• PROBLEM
Leaving all pictures out, output exactly and only the line containing "like the pulp" and the lines that follow it to the end of the material below.

________________

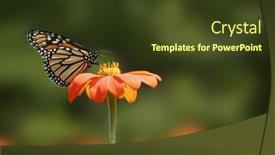  Presentation with orange - Beautiful presentation theme featuring  backdrop and a  colored foreground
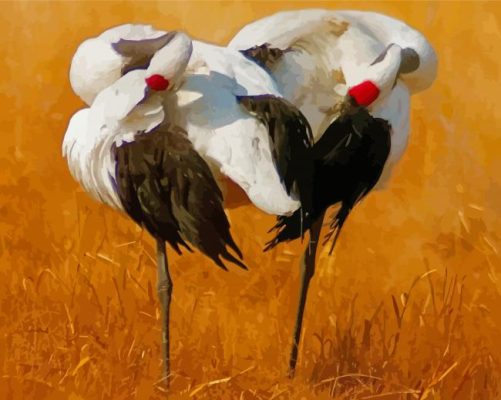 Japanese Red Crowned Crane Paint By Number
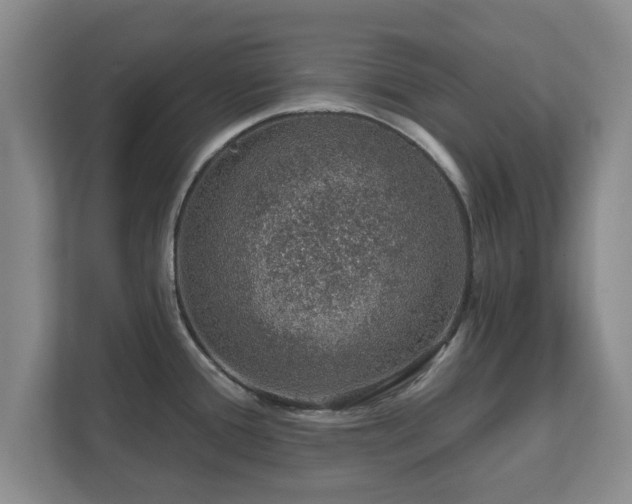 X0000112381388200908201513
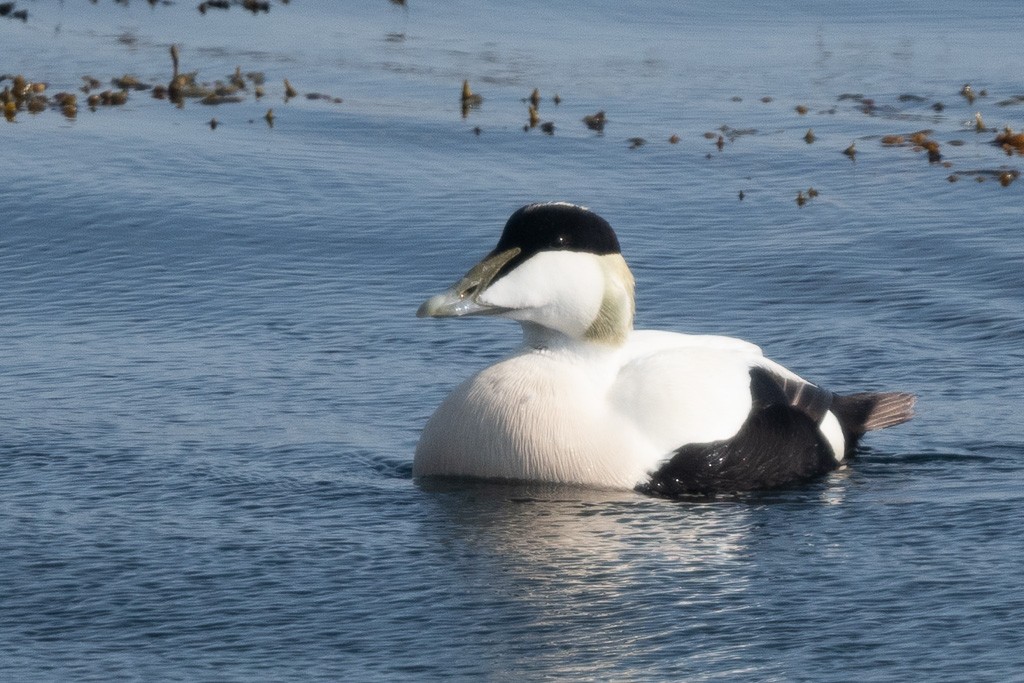 Common Eider (Eurasian) - ML643214368
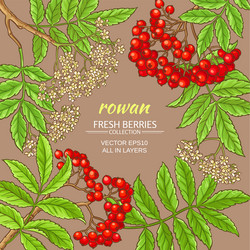 Similar image 19782133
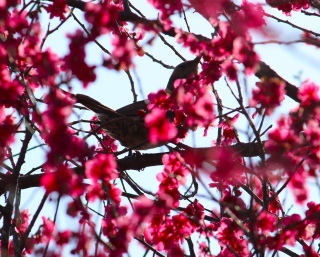 �t��ԁi2026�N2��23���j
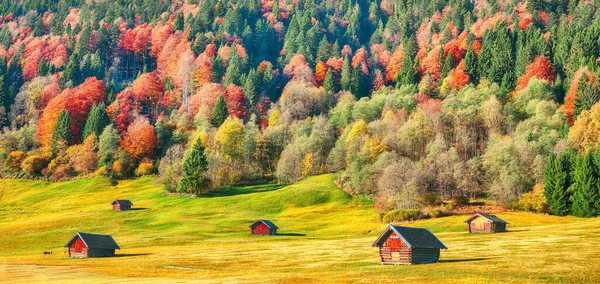 Fantastisk Utsikt Över Alpin Dal Med Trähus Nära Wagenbruchsee Geroldsee — Stockfoto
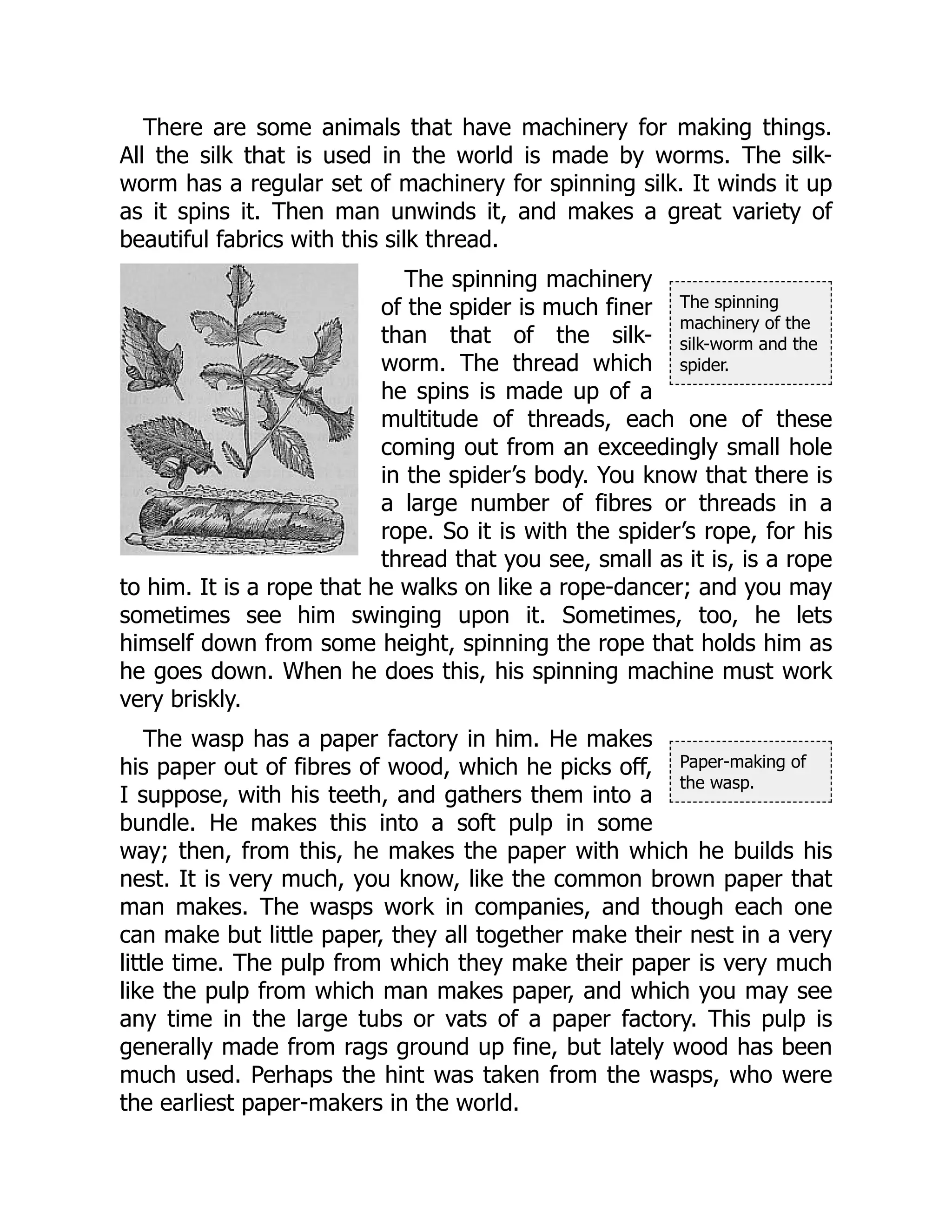 The spinning
machinery of the
silk-worm and the
spider.
Paper-making of
the wasp.
There are some animals that have machinery for making things.
All the silk that is used in the world is made by worms. The silk-
worm has a regular set of machinery for spinning silk. It winds it up
as it spins it. Then man unwinds it, and makes a great variety of
beautiful fabrics with this silk thread.
The spinning machinery
of the spider is much finer
than that of the silk-
worm. The thread which
he spins is made up of a
multitude of threads, each one of these
coming out from an exceedingly small hole
in the spider’s body. You know that there is
a large number of fibres or threads in a
rope. So it is with the spider’s rope, for his
thread that you see, small as it is, is a rope
to him. It is a rope that he walks on like a rope-dancer; and you may
sometimes see him swinging upon it. Sometimes, too, he lets
himself down from some height, spinning the rope that holds him as
he goes down. When he does this, his spinning machine must work
very briskly.
The wasp has a paper factory in him. He makes
his paper out of fibres of wood, which he picks off,
I suppose, with his teeth, and gathers them into a
bundle. He makes this into a soft pulp in some
way; then, from this, he makes the paper with which he builds his
nest. It is very much, you know, like the common brown paper that
man makes. The wasps work in companies, and though each one
can make but little paper, they all together make their nest in a very
little time. The pulp from which they make their paper is very much
like the pulp from which man makes paper, and which you may see
any time in the large tubs or vats of a paper factory. This pulp is
generally made from rags ground up fine, but lately wood has been
much used. Perhaps the hint was taken from the wasps, who were
the earliest paper-makers in the world.
 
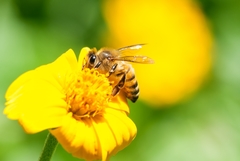 Apis mellifera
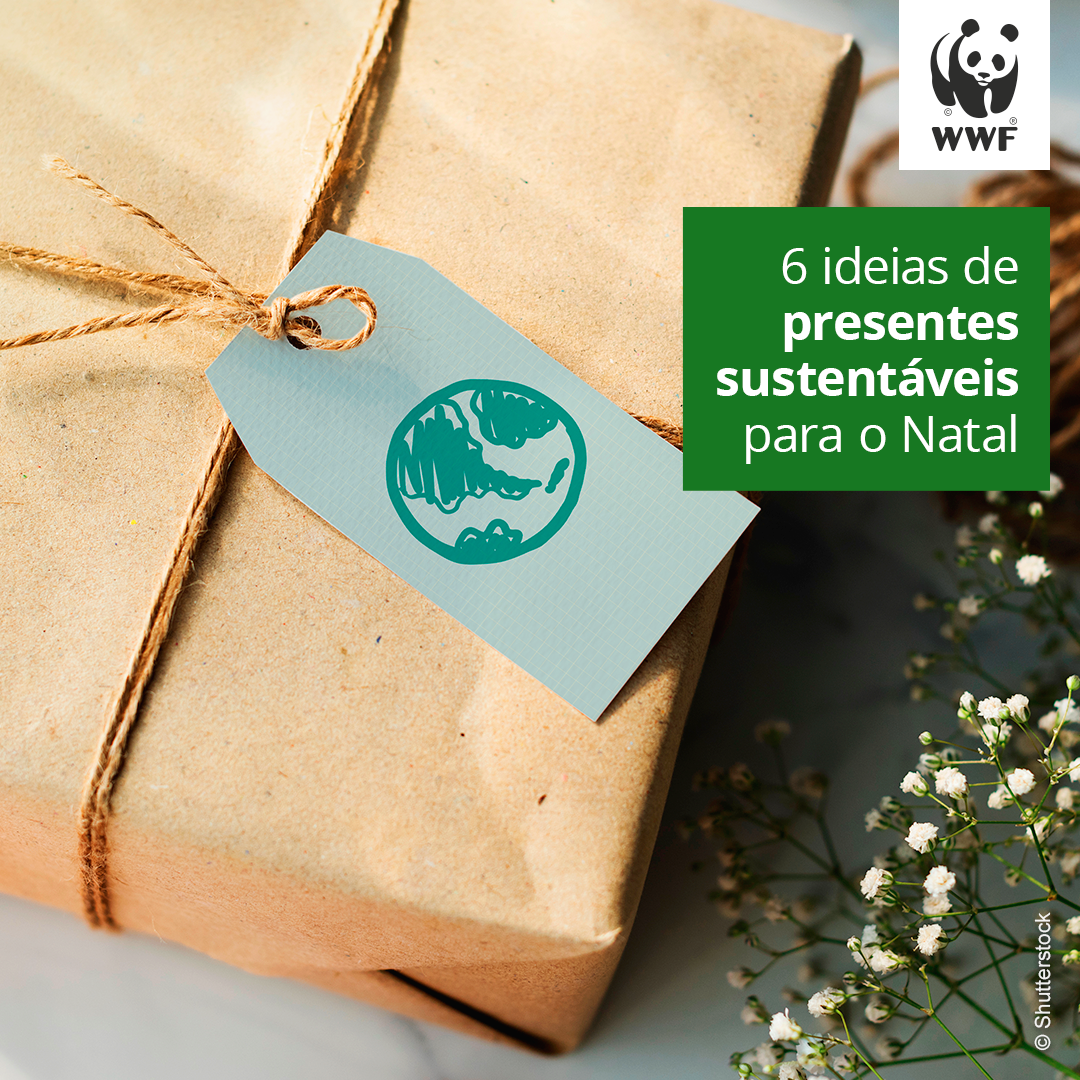 6 ideias de presentes sustentáveis para o Natal | WWF Brasil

________________

• ANSWER SPACE
like the pulp from which man makes paper, and which you may see
any time in the large tubs or vats of a paper factory. This pulp is
generally made from rags ground up fine, but lately wood has been
much used. Perhaps the hint was taken from the wasps, who were
the earliest paper-makers in the world.
 
 Apis mellifera
 6 ideias de presentes sustentáveis para o Natal | WWF Brasil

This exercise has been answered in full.